Les transports, maillon faible de la décarbonation

Dans sa déclaration de politique régionale (DPR), le Gouvernement s’engage à « [réviser] le Plan Air Climat Energie 2030 en intégrant et hiérarchisant par ordre de priorités les mesures dont les impacts les plus significatifs auront été démontrés. […] Les mesures et objectifs sectoriels seront ainsi révisés pour permettre la fixation d’une trajectoire, tout en permettant de la souplesse dans la mise en œuvre. Un processus de rapportage public régulier des mesures sera mis en place. »

Ceci est plus que nécessaire pour le secteur des transports, comme l’illustre la figure 1 ci-dessous. Y sont présentées les émissions des transports en Wallonie depuis 2005 selon l’inventaire 2019 (publié en 2020) et l’inventaire 2023 (publié en 2024). Ce dernier donne des valeurs nettement plus basses en raison d’une révision de la méthodologie de calcul1. Quoiqu’il en soit, l’évolution sur les 20 dernières années n’apparaît pas compatible avec l’atteinte de l’objectif général fixé aux secteurs « non ETS ». Ceux-ci (transports, résidentiel, agriculture, déchets, tertiaire non-ETS, industrie non-ETS, énergie non-ETS et autres) sont visés par le règlement « Effort sharing regulation » (ESR) qui fixe à la Belgique un objectif de réduction de 47% sur la période 2005-2030. L’ensemble de ces secteurs a vu ses émissions diminuer de 26% sur 2005-2023 (moyenne : un peu plus de 1,4% par an) ; il reste donc un « petit » effort de 21% à faire sur 2023-2030 (moyenne : 3% par an…). Les transports, qui représentaient 38% des émissions non-ETS en 2023, sont particulièrement problématiques : leurs émissions n’ont baissé que de 6% sur 2005-2023 ; de plus, leurs émissions 2023 étaient 6% plus élevées que les émissions 2022 … Toute mesure de réduction efficace, rapide à mettre en œuvre et aux effets immédiats est donc plus que bienvenue. C’est le cas d’un abaissement généralisé des vitesses pratiquées sur le réseau routier.

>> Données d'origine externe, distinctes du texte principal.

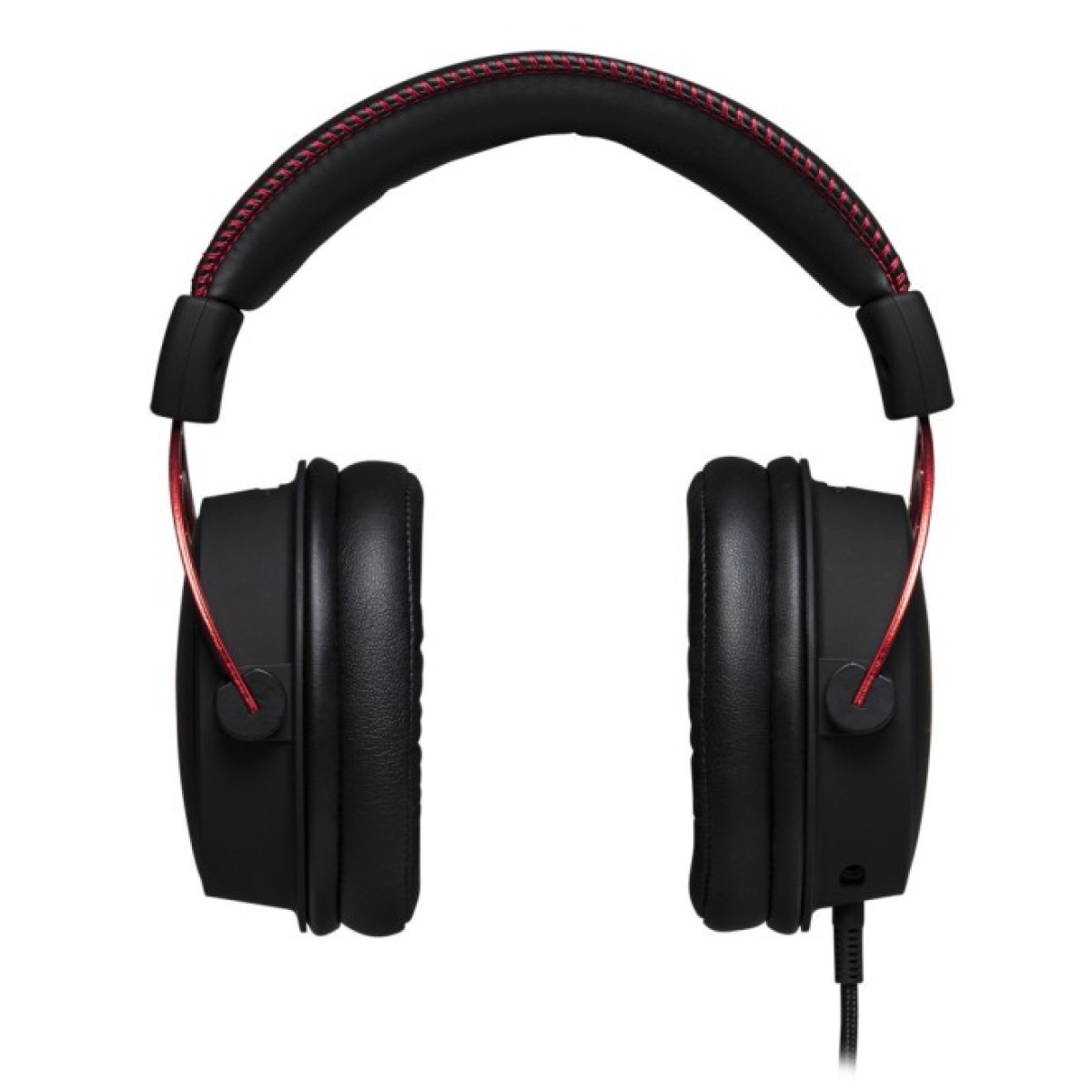 Наушники HyperX Cloud Alpha (4P5L1AX) 98_98.jpg - фото 4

Figure 1 : Emissions de gaz à effet de serre des transports en Wallonie sur la période 2005-2023, tendance et objectif 2030 – Source des données : AWAC

L’insécurité routière

Dans son rapport présentant les chiffres clés des accidents en Wallonie en 2023, l’AWSR souligne que « Après un minimum historique en 2021 suivi malheureusement d’une forte hausse en 2022, l’année 2023 enregistre une légère baisse du nombre de décédés 30 jours en Wallonie avec 225 tués, soit -4% par rapport à 2022 et -24% par rapport à 2019. Le nombre de tués sur les routes wallonnes reste malgré tout supérieur (de 32%) au nombre maximum de tués que l’on aurait « dû » théoriquement comptabiliser cette année si l’on souhaite atteindre l’objectif de maximum 100 décès sur les routes en 2030. » La situation est donc critique, comme l’illustre la figure 2 ci-dessous – critique par rapport aux objectifs politiques, mais surtout intolérable en termes de souffrances humaines.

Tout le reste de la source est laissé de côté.